Oklahoma college students are 20 paces apart in their views about guns on campus, with much of the battle taking place on student-oriented Web sites like Facebook.
Nearly 500 people have joined the Facebook site Students Against Guns on Campus, started by Oklahoma State University students. One of them, Matt Beier, said allowing concealed weapons would make it harder to tell the "good students from the bad” because now any weapon raises an alarm. He said police would find it hard to know which students are a threat and which are protecting themselves.
"I don't think the way we solve the problem is by giving people more guns,” Beier said.
House Bill 2513, as amended last week, would allow weapons on campus if carried by active-duty military and National Guard and Reserve members, honorably discharged veterans, and those with at least 72 hours firearms training certified by the Council on Law Enforcement Education.

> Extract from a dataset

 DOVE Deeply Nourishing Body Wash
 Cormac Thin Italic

The House measure, which also requires a state concealed weapons license, is now before the state Senate.
Beier worries that some military members returning from war zones may not be psychologically stable.
"In no way am I trying to come off as a crazy liberal insulting soldiers,” he said. "I have friends who went to Iraq and fought in the war. But the number of people coming back from Iraq with mental illness is increasing.”
Dustin Gaunder, another OSU student, disagrees that guns would be bad on campus.
He created the 81-member Facebook page Students for Concealed Carry on Campus.
"There is no such thing as a gun-free campus,” Gaunder said. "The only people who will have guns are the ones who will do bad things with them.”
Gaunder supports the original version of House Bill 2513, which allowed any person with a concealed weapon license to carry guns on public campuses. He said CLEET training takes many weeks and is too expensive for most students. Gaunder and some other OSU students say they'll join a national demonstration during the week of April 21 and wear empty holsters to class to show their support for concealed weapons.
The gun bill has been opposed by Glen Johnson, chancellor of the Oklahoma State System of Higher Education, and many university presidents, including UCO President Roger Webb, a former state director of public safety.
"There's no place for guns in classrooms and laboratories,” Webb said. "I know that the proponents are well-intended, but I fear an unintended consequence.